Compte rendu de la bande dessinée «Comment je ne suis pas devenu moine» de Jean-Sébastien Bérubé
Tout juste parue chez Futuropolis (2017), la BD de Jean-Sébastien Bérubé, « Comment je ne suis pas devenu moine », touche un sujet sensible et peu discuté, soit l’acculturation de l’étranger au bouddhisme d’expression tibétaine. Le format, des tableaux dépeints en deux tons, et un tracé comme à main levée, capture l’essentiel d’un décor dans lequel l’habitué se retrouve aisément, au travers de croquis épurés capables de capturer l’essentiel d’une ambiance exotique et souvent chaotique qui, sous un autre médium, se véhicule difficilement. L’odeur, la texture ou la sonorité sont généralement perdues, alors que le jeune artiste, lui, parvient habilement à en rendre l’affect, tout au moins. Bref, côté esthétique, à travers 226 pages, le lecteur en a pour ses yeux.
Pour ce qui est du contenu, qui pourrait se résumer à un pénible désillusionnement, celui d’un jeune homme fragile, naïf et impuissant devant la souffrante réalité qui détruit, petit à petit, chacune de ces espérances, celles de rencontrer enfin le monde idéal, l’homme pur, un humain qui ne vit que de sagesse et de spiritualité, le lecteur se retrouve perplexe.
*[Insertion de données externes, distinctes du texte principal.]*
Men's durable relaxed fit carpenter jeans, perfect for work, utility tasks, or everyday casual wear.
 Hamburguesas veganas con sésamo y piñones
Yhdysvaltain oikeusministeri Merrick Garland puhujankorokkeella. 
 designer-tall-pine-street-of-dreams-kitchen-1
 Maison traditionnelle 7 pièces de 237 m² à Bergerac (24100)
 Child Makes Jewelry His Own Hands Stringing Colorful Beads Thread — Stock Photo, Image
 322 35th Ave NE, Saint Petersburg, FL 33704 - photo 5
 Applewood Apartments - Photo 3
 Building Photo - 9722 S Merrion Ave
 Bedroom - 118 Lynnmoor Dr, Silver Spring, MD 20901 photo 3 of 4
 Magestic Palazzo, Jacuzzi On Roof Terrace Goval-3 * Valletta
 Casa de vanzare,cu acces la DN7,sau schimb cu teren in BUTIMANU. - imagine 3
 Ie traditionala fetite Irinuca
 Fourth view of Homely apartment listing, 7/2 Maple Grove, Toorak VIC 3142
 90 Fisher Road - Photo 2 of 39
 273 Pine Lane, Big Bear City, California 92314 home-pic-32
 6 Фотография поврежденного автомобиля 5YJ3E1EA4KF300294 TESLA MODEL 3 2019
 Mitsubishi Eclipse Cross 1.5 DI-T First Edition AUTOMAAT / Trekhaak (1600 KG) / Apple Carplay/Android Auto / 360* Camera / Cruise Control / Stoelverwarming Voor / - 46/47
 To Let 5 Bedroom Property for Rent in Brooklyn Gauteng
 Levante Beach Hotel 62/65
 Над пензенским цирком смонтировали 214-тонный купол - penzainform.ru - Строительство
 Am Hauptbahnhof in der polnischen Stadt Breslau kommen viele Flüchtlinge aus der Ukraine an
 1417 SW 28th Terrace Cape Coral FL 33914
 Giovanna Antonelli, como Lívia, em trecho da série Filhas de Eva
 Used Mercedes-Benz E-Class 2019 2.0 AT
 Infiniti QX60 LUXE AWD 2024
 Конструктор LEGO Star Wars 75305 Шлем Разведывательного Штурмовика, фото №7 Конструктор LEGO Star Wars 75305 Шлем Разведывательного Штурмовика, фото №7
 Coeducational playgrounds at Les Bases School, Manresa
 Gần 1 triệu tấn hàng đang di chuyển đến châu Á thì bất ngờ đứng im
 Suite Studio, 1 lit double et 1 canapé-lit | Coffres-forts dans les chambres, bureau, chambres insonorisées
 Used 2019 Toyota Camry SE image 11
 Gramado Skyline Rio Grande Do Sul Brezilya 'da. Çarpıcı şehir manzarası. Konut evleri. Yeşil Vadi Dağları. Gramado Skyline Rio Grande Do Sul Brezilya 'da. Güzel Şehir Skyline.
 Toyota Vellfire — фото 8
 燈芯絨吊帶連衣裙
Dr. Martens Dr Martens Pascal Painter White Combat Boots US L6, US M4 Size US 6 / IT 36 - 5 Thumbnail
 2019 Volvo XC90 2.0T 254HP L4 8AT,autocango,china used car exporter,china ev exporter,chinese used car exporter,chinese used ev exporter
Le jeune Bérubé recherche l’utopie depuis l’adolescence, un lieu dont la culture humaine s’établirait dans les plus profonds contrastes face à un Québec catholique autrement stupide et méchant, un monde où l’homme mi-bête s’est toujours moqué des plus faibles, comme de l’auteur, aux prises avec un problème de bégaiement qui mine son amour propre et qui aiguillonne son désir d’être enfin compris et accepté. Le lecteur a peine à croire qu’une telle naïveté soit possible, que personne n’ait jamais dit au Bérubé qu’à proprement parler, une utopie ne se visite pas et ne se trouve nulle part. Mais aurait-il simplement écouté ?
D’un côté, l’auteur arrive à susciter la sympathie pour ses idéaux humanistes et pour la franchise avec laquelle il livre ses états d’âme, abusés et désabusés. D’un autre côté, sa naïveté déroutante, sinon agaçante, ajoutée à une susceptibilité en peau de lait, qui explose chaque fois que la réalité trahit ses illusions quant au « bouddhisme », laisse le lecteur inconfortable. Le Bérubé se présente en héros d’une religion qu’il croit mieux comprendre que ceux qu’il rencontre, mieux surtout que ces ignares de Tibétains et de Népalais qu’il sermonne à quelques reprises. Un tel extrémisme, mélange explosif d’ignorance convaincue et de nostalgie des origines, s’il véhiculait le message d’un autre credo que celui plutôt niait d’un « bouddhisme » édulcoré, ne ferait certainement pas bonne presse aujourd’hui. Doit-on châtier, réprimander ou encore louanger ce courage aventurier né d’un idéalisme qui déroute la raison ? Le ferait-on si Bérubé était parti faire le « djihad » en Méditerranée ? Mais voilà, c’est peut-être aussi une force de la BD, puisqu’elle dépeint à vif un état d’esprit qui n’est certainement pas unique au Bérubé et qui est renforcé chaque jour par les nombreux mythes religieux, comme ceux du nouvel âge et de la spiritualité bon marché, celle qui se vend, entre escales, sur les étalages d’aéroport.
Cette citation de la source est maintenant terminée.